圖南拋開那根卷發,看也不看它落地方向,她眼中只有那個櫥柜。
她把渾身的重量都壓在上面,終于,櫥柜松動,一絲流動的氣息從里面涌出,撲在圖南臉上。
“我來。”蓋亞抓住更上面一些的位置,用力,伴隨嘎吱嘎吱的聲響,櫥柜像一扇門一般被推開,黑洞洞的一個通道出現在兩人眼前。
蓋亞從口袋里摸出個照明球,雙手一擰,發出瑩潤的冷光。

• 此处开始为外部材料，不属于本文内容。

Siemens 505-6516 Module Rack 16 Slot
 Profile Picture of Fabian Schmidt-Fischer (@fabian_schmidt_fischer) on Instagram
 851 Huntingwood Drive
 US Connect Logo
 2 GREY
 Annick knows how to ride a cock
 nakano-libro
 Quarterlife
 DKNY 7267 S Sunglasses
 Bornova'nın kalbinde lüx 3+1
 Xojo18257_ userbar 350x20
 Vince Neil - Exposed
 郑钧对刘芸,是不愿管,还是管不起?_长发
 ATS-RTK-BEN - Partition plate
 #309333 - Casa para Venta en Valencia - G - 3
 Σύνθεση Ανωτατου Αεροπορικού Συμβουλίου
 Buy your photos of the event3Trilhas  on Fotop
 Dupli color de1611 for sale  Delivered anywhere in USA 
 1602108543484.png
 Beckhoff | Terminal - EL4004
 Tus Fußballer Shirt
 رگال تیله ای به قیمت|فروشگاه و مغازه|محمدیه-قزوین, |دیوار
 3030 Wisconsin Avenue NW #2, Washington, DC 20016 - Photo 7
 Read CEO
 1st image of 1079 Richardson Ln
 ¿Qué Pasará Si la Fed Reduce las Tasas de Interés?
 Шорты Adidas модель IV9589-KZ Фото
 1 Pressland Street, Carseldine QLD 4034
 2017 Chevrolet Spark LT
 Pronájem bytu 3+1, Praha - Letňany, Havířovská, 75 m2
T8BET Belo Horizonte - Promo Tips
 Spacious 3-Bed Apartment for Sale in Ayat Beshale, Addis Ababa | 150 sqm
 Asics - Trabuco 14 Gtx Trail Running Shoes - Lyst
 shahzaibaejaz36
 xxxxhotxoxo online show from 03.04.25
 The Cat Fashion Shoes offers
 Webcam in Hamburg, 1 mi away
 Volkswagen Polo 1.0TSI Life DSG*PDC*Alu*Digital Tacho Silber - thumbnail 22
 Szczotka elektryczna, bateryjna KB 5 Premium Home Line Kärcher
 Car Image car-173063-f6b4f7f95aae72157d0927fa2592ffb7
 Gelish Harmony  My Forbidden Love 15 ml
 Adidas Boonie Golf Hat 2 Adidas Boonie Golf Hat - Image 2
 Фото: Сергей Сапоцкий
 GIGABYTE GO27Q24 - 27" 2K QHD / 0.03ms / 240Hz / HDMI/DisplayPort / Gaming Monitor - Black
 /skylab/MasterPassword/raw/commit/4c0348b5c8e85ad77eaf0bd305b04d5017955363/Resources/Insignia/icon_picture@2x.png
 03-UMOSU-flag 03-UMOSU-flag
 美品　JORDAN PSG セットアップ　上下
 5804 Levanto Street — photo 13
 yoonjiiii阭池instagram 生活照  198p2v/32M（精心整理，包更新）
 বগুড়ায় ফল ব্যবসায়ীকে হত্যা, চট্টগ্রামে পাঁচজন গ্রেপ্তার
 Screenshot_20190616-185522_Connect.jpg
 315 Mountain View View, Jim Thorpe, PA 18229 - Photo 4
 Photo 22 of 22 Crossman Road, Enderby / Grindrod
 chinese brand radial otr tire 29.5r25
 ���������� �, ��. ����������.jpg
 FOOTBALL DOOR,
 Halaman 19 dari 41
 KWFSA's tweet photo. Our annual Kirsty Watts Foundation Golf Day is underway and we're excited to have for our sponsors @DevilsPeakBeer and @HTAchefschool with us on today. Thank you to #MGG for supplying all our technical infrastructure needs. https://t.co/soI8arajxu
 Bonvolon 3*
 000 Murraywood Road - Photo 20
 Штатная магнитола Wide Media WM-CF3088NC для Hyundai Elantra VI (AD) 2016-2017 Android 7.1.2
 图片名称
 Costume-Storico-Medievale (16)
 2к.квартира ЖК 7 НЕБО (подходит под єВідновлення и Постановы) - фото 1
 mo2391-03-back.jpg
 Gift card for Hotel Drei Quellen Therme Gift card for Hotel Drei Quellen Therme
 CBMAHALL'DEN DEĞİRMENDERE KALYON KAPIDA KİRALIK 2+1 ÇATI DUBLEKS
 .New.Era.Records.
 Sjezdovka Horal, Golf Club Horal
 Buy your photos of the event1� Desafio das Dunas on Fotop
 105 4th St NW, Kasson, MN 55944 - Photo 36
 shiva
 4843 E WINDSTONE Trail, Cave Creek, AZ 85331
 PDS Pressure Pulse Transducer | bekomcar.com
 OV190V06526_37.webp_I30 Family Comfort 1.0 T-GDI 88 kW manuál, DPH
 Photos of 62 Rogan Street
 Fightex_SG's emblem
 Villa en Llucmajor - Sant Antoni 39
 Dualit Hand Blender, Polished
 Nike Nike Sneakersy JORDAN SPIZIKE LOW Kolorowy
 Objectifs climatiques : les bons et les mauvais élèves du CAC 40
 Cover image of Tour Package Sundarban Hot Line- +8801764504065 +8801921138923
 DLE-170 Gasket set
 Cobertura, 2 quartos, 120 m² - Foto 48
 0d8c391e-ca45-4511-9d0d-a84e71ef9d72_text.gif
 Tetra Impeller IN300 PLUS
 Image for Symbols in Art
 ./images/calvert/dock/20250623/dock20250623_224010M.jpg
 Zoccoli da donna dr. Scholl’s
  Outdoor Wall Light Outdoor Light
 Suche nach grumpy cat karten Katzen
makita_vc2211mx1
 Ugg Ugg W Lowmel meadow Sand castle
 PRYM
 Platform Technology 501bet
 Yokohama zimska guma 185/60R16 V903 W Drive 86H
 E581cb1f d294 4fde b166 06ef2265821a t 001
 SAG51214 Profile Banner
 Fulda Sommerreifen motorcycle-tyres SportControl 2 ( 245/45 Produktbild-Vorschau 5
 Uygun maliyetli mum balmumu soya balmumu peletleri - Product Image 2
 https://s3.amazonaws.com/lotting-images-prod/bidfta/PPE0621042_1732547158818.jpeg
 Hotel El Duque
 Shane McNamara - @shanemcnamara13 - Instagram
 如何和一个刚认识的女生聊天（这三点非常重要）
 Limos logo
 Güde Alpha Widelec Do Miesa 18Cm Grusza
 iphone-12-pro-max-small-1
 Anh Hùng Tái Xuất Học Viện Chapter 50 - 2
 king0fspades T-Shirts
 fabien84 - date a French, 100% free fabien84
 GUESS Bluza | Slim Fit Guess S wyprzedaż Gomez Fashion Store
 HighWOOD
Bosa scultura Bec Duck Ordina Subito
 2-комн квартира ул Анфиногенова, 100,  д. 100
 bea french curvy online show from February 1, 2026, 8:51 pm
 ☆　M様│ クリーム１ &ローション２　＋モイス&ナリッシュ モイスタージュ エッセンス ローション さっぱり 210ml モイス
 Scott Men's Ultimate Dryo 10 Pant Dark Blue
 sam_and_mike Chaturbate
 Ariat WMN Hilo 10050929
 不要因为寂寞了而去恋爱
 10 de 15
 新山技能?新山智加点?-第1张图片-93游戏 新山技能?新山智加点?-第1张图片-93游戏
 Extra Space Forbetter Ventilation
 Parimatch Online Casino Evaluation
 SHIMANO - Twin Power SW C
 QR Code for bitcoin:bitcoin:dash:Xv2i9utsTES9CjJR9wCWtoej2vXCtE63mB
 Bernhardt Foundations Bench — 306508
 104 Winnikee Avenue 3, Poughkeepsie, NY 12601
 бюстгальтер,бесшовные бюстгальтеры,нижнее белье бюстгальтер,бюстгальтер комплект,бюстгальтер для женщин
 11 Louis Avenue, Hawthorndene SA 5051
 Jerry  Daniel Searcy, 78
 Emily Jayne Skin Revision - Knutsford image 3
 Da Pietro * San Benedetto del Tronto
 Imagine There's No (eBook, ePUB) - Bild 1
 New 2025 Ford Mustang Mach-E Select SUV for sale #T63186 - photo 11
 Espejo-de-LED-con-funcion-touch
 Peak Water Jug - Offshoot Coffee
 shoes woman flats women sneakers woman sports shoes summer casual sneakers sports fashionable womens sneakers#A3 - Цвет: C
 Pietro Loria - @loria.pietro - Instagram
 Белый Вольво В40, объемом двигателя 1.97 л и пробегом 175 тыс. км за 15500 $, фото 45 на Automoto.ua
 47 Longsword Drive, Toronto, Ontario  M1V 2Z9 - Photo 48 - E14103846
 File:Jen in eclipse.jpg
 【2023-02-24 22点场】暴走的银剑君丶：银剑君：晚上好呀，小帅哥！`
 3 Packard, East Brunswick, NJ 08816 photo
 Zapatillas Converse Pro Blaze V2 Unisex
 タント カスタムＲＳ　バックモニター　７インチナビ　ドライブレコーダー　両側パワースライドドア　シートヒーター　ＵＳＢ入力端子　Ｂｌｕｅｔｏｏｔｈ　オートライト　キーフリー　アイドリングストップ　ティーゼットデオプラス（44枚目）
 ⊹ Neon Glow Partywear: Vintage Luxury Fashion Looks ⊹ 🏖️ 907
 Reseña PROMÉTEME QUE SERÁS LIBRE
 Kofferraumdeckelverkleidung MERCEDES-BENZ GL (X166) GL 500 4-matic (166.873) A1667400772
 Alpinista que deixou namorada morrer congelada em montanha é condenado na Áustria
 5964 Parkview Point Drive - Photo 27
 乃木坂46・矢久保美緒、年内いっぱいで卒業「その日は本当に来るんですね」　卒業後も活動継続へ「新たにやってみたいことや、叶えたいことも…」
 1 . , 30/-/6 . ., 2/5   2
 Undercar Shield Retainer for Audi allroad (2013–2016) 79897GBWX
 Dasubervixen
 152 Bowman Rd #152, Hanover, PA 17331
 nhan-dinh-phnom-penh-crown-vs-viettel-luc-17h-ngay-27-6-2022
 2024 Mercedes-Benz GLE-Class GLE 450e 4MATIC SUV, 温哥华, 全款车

他手臂一振,光源順著力道往前,滴溜溜懸浮在前方半空中,堪堪照亮前后一小片通道。
和整個地下洞穴其他“建筑”不同,這明顯是一條人工開閘的通道。整齊的臺階向前方延伸不遠就開始旋轉往上,通往名為“生”的目的地。
“真的是出口。”蓋亞拍拍圖南的肩膀,“行啊,我們沒賭輸。”
“賭命,我的運氣總是觸底反彈。”
還有誰像她一樣,能死而復活,開始新的人生?
“那你在這等我會?我去喊人。”蓋亞如釋重負。
圖南驀然轉頭。
“晚了。”她話語冰涼。
“什么?”蓋亞不解,隨即安撫的在她肩膀上又輕輕拍了幾下。
“別怕,不會太久。你在這等我,我跑得快,一會就回。”
“我說晚了。”
圖南終于抬起頭,她面無表情,把那個隱瞞了一路的發現告訴蓋亞。
“他們趕不過來的。剛才我們上來時……地下河的水已經漲起來了。”
她的語調毫無波瀾,“你沒有注意到么?我們進通道的時候河水就沸騰了。而我們爬到頂時……”
“水已經把低洼處淹沒了。”
“你是說……”
蓋亞的眼睛瞪得和銅鈴一樣大。
“是洪水,你們說的絕無可能蟲災一起發生的事,已經發生了。世界上本來就沒有什么絕對。”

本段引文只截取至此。